[Free-text object descriptions]
____

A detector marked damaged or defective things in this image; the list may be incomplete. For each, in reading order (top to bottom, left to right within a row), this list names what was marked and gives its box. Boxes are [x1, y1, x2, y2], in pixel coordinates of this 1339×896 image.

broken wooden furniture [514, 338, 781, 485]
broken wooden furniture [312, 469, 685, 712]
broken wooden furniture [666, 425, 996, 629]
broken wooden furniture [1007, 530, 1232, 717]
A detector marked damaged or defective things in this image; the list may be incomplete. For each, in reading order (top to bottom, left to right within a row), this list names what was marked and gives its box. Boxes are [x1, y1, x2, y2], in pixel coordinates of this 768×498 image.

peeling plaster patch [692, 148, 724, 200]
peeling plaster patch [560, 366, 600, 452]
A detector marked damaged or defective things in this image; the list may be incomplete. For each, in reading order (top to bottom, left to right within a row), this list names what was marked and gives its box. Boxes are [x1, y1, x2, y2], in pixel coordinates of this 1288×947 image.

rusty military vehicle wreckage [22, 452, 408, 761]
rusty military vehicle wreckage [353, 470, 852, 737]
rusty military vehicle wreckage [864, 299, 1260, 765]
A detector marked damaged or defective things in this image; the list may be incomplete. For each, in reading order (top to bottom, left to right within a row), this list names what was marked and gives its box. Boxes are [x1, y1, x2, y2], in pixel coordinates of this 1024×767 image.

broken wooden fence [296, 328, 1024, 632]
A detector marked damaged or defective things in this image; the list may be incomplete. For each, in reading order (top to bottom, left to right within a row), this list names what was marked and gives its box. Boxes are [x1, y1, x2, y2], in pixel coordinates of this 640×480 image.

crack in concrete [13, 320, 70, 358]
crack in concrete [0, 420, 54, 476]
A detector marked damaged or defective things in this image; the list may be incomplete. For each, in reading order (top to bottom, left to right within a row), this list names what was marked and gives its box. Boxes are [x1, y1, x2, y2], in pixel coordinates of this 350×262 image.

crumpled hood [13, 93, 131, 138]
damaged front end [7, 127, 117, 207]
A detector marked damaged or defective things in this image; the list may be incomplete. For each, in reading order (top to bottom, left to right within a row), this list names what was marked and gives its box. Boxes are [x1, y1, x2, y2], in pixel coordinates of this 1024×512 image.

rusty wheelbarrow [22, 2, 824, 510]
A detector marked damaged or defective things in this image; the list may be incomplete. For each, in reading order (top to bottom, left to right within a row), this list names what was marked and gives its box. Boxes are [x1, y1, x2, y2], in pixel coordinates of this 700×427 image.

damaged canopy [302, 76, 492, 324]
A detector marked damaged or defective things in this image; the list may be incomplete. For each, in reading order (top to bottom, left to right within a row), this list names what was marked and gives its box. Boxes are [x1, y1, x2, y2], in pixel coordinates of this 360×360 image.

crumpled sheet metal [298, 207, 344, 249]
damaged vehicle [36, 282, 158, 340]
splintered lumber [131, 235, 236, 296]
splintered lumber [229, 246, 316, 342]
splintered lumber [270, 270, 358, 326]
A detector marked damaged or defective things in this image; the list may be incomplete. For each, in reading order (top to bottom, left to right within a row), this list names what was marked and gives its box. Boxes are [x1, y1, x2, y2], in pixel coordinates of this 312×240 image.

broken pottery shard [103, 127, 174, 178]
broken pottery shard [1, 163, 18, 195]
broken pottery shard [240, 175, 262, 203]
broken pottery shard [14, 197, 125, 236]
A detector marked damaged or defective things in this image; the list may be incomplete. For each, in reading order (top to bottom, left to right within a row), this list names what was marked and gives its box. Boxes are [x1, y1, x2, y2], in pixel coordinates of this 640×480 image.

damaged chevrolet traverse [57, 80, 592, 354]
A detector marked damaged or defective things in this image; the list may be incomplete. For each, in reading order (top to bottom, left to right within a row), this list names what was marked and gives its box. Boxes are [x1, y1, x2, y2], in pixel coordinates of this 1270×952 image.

____

■ WORK TO COMPLETE: Line by line, retype the data exactly as written.

■ REPLY:
A detector marked damaged or defective things in this image; the list may be incomplete. For each, in reading order (top to bottom, left to right within a row), this list names what was marked and gives its box. Boxes are [x1, y1, x2, y2], in pixel coordinates of this 1339×896 image.

broken wooden furniture [514, 338, 781, 485]
broken wooden furniture [312, 469, 685, 712]
broken wooden furniture [666, 425, 996, 629]
broken wooden furniture [1007, 530, 1232, 717]
A detector marked damaged or defective things in this image; the list may be incomplete. For each, in reading order (top to bottom, left to right within a row), this list names what was marked and gives its box. Boxes are [x1, y1, x2, y2], in pixel coordinates of this 768×498 image.

peeling plaster patch [692, 148, 724, 200]
peeling plaster patch [560, 366, 600, 452]
A detector marked damaged or defective things in this image; the list may be incomplete. For each, in reading order (top to bottom, left to right within a row), this list names what was marked and gives its box. Boxes are [x1, y1, x2, y2], in pixel coordinates of this 1288×947 image.

rusty military vehicle wreckage [22, 452, 408, 761]
rusty military vehicle wreckage [353, 470, 852, 737]
rusty military vehicle wreckage [864, 299, 1260, 765]
A detector marked damaged or defective things in this image; the list may be incomplete. For each, in reading order (top to bottom, left to right within a row), this list names what was marked and gives its box. Boxes are [x1, y1, x2, y2], in pixel coordinates of this 1024×767 image.

broken wooden fence [296, 328, 1024, 632]
A detector marked damaged or defective things in this image; the list may be incomplete. For each, in reading order (top to bottom, left to right within a row), this list names what was marked and gives its box. Boxes are [x1, y1, x2, y2], in pixel coordinates of this 640×480 image.

crack in concrete [13, 320, 70, 358]
crack in concrete [0, 420, 54, 476]
A detector marked damaged or defective things in this image; the list may be incomplete. For each, in reading order (top to bottom, left to right within a row), this list names what was marked and gives its box. Boxes are [x1, y1, x2, y2], in pixel coordinates of this 350×262 image.

crumpled hood [13, 93, 131, 138]
damaged front end [7, 127, 117, 207]
A detector marked damaged or defective things in this image; the list may be incomplete. For each, in reading order (top to bottom, left to right within a row), this list names what was marked and gives its box. Boxes are [x1, y1, x2, y2], in pixel coordinates of this 1024×512 image.

rusty wheelbarrow [22, 2, 824, 510]
A detector marked damaged or defective things in this image; the list may be incomplete. For each, in reading order (top to bottom, left to right within a row), this list names what was marked and gives its box. Boxes are [x1, y1, x2, y2], in pixel coordinates of this 700×427 image.

damaged canopy [302, 76, 492, 324]
A detector marked damaged or defective things in this image; the list may be incomplete. For each, in reading order (top to bottom, left to right within a row), this list names what was marked and gives its box. Boxes are [x1, y1, x2, y2], in pixel coordinates of this 360×360 image.

crumpled sheet metal [298, 207, 344, 249]
damaged vehicle [36, 282, 158, 340]
splintered lumber [131, 235, 236, 296]
splintered lumber [229, 246, 316, 342]
splintered lumber [270, 270, 358, 326]
A detector marked damaged or defective things in this image; the list may be incomplete. For each, in reading order (top to bottom, left to right within a row), this list names what was marked and gives its box. Boxes are [x1, y1, x2, y2], in pixel coordinates of this 312×240 image.

broken pottery shard [103, 127, 174, 178]
broken pottery shard [1, 163, 18, 195]
broken pottery shard [240, 175, 262, 203]
broken pottery shard [14, 197, 125, 236]
A detector marked damaged or defective things in this image; the list may be incomplete. For each, in reading order (top to bottom, left to right within a row), this list names what was marked and gives its box. Boxes are [x1, y1, x2, y2], in pixel coordinates of this 640×480 image.

damaged chevrolet traverse [57, 80, 592, 354]
A detector marked damaged or defective things in this image; the list may be incomplete. For each, in reading order (top to bottom, left to right within a row), this list names what was marked and gives its box. Boxes are [x1, y1, x2, y2], in pixel coordinates of this 1270×952 image.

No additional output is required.